[Opening SUPPLIED MATERIAL section]

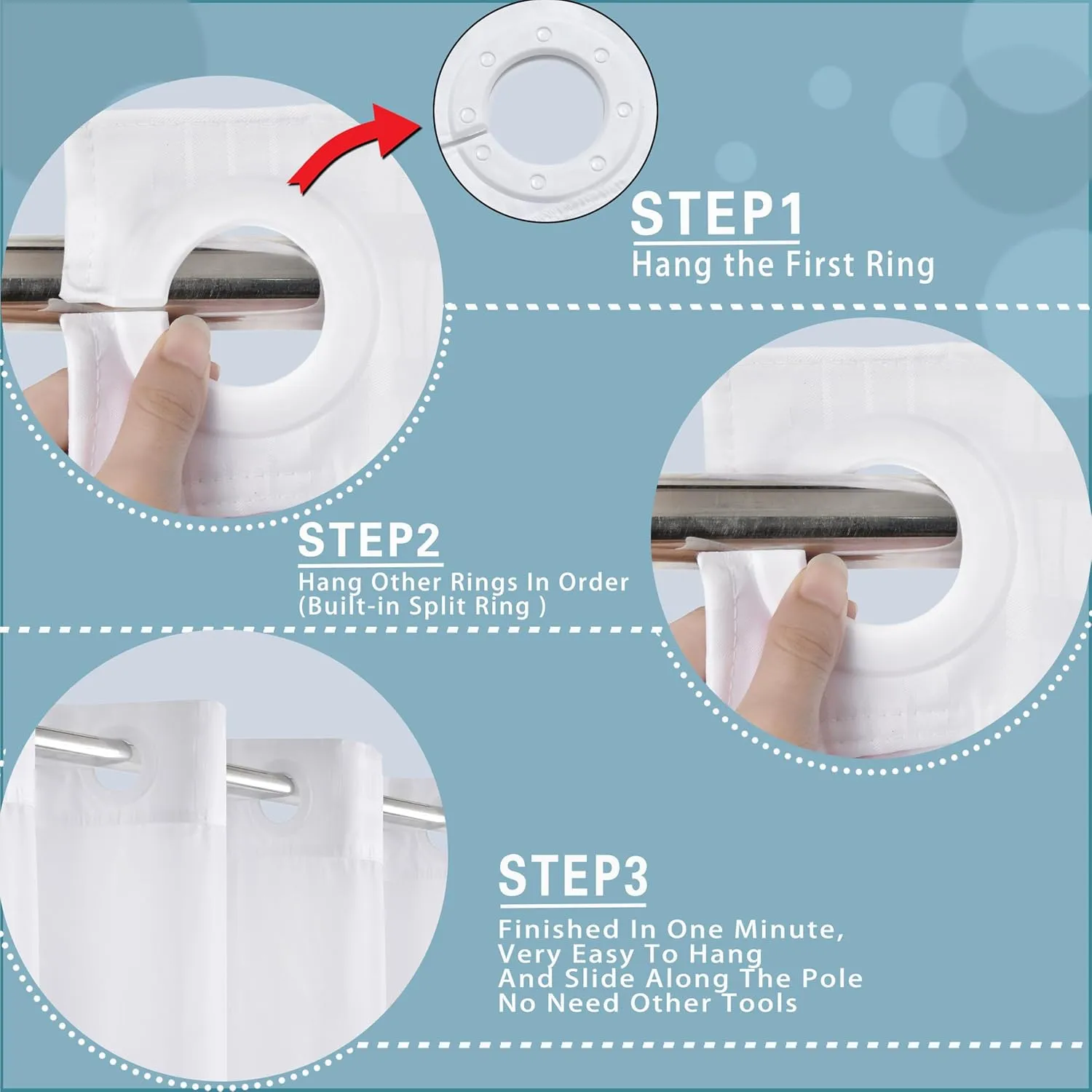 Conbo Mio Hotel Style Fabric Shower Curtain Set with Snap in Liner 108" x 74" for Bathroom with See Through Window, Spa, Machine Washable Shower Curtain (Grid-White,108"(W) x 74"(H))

[Closing SUPPLIED MATERIAL section]
[Opening SUPPLIED MATERIAL section]

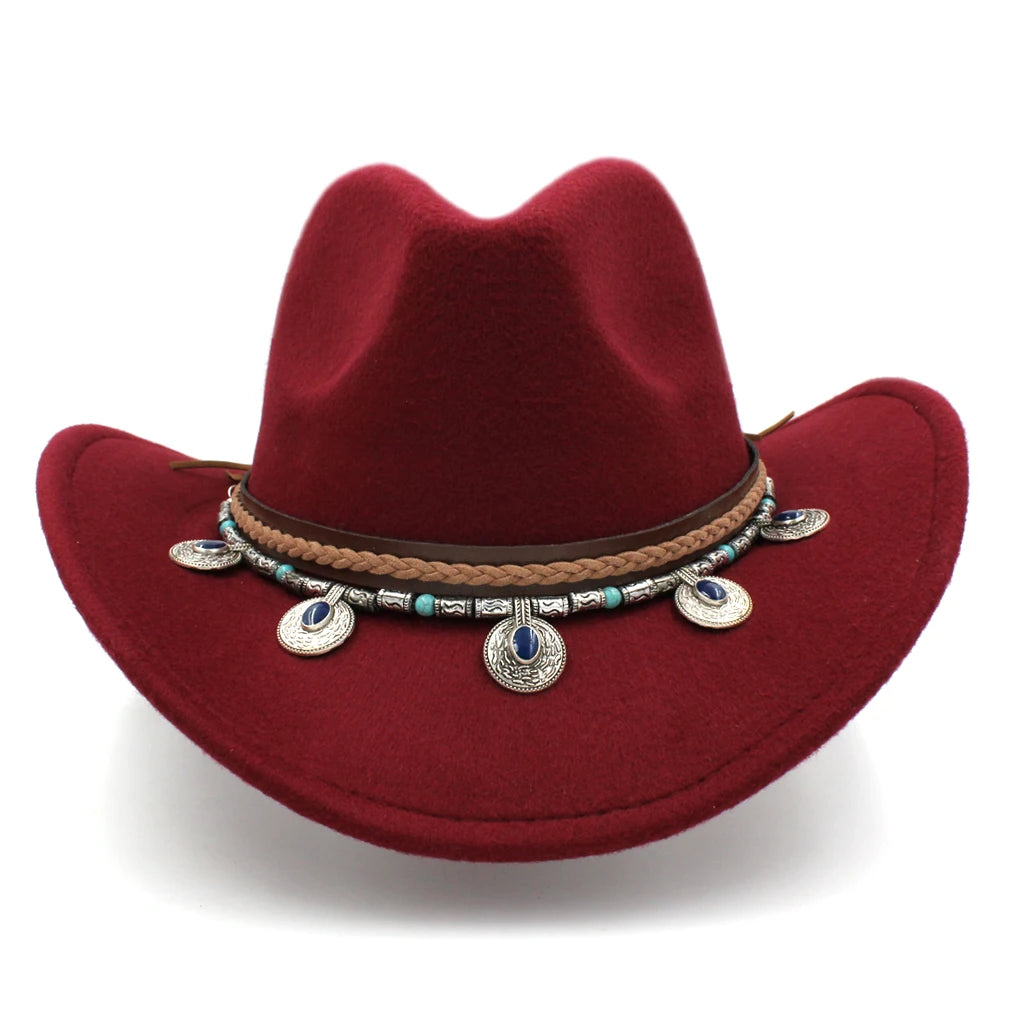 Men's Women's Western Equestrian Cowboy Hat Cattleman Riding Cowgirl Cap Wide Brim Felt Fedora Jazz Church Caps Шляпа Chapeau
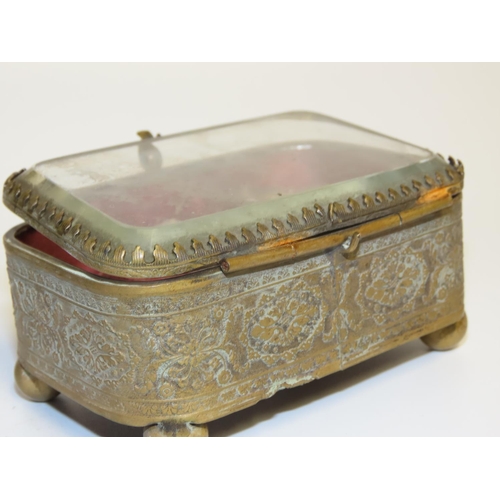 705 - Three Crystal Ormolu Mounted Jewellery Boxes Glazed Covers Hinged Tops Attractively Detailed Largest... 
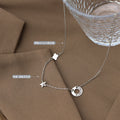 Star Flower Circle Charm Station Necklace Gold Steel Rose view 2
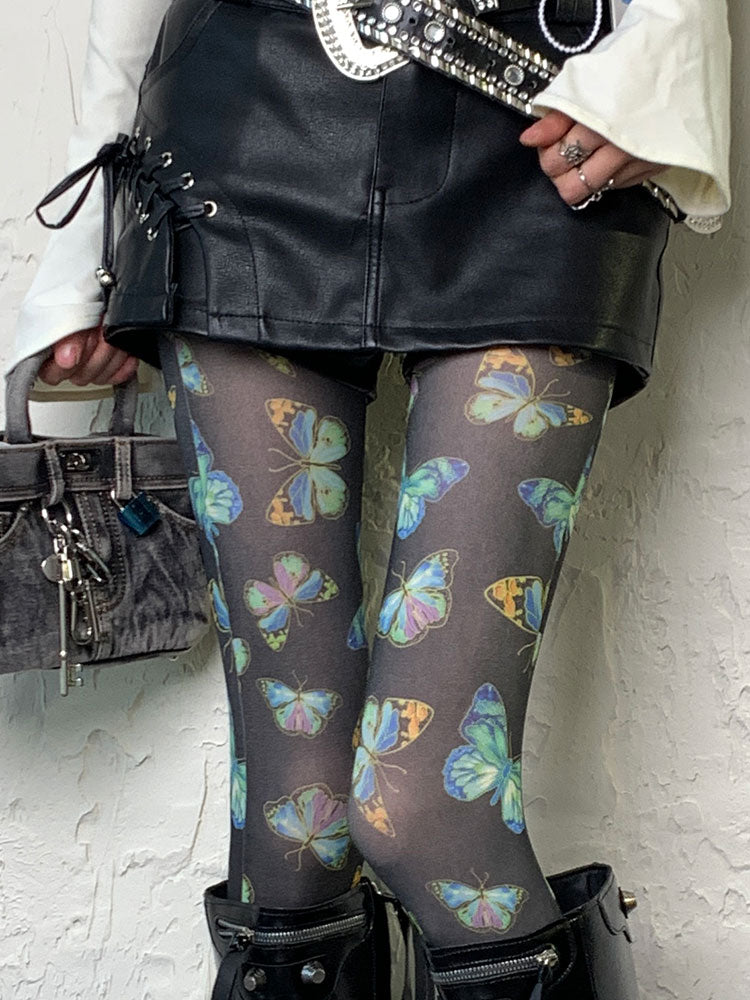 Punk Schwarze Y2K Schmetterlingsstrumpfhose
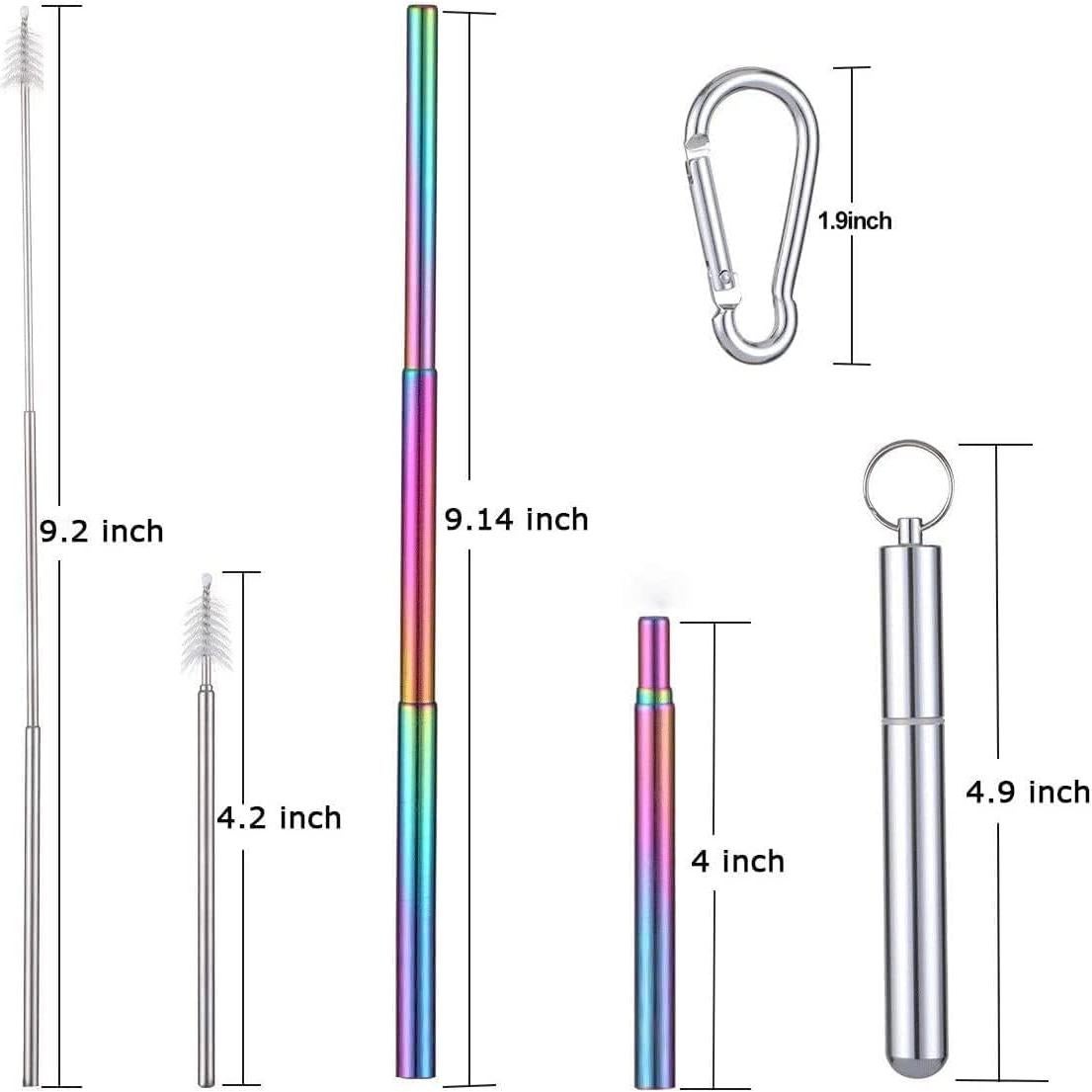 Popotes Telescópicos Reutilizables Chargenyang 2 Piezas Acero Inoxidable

[Closing SUPPLIED MATERIAL section]
[Opening SUPPLIED MATERIAL section]

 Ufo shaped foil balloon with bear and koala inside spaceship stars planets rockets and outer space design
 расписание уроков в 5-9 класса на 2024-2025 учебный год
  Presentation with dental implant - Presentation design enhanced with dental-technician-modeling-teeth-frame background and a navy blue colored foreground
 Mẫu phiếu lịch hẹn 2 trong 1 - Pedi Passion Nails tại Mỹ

[Closing SUPPLIED MATERIAL section]

"Men's Women's Western" marks the first line to copy, and "Popotes Telescópicos Reutilizables" marks the last. Repeat that stretch above exactly, with no pictures.

» TASK SOLUTION
 Men's Women's Western Equestrian Cowboy Hat Cattleman Riding Cowgirl Cap Wide Brim Felt Fedora Jazz Church Caps Шляпа Chapeau
 705 - Three Crystal Ormolu Mounted Jewellery Boxes Glazed Covers Hinged Tops Attractively Detailed Largest... 
 Star Flower Circle Charm Station Necklace Gold Steel Rose view 2
 Punk Schwarze Y2K Schmetterlingsstrumpfhose
 Popotes Telescópicos Reutilizables Chargenyang 2 Piezas Acero Inoxidable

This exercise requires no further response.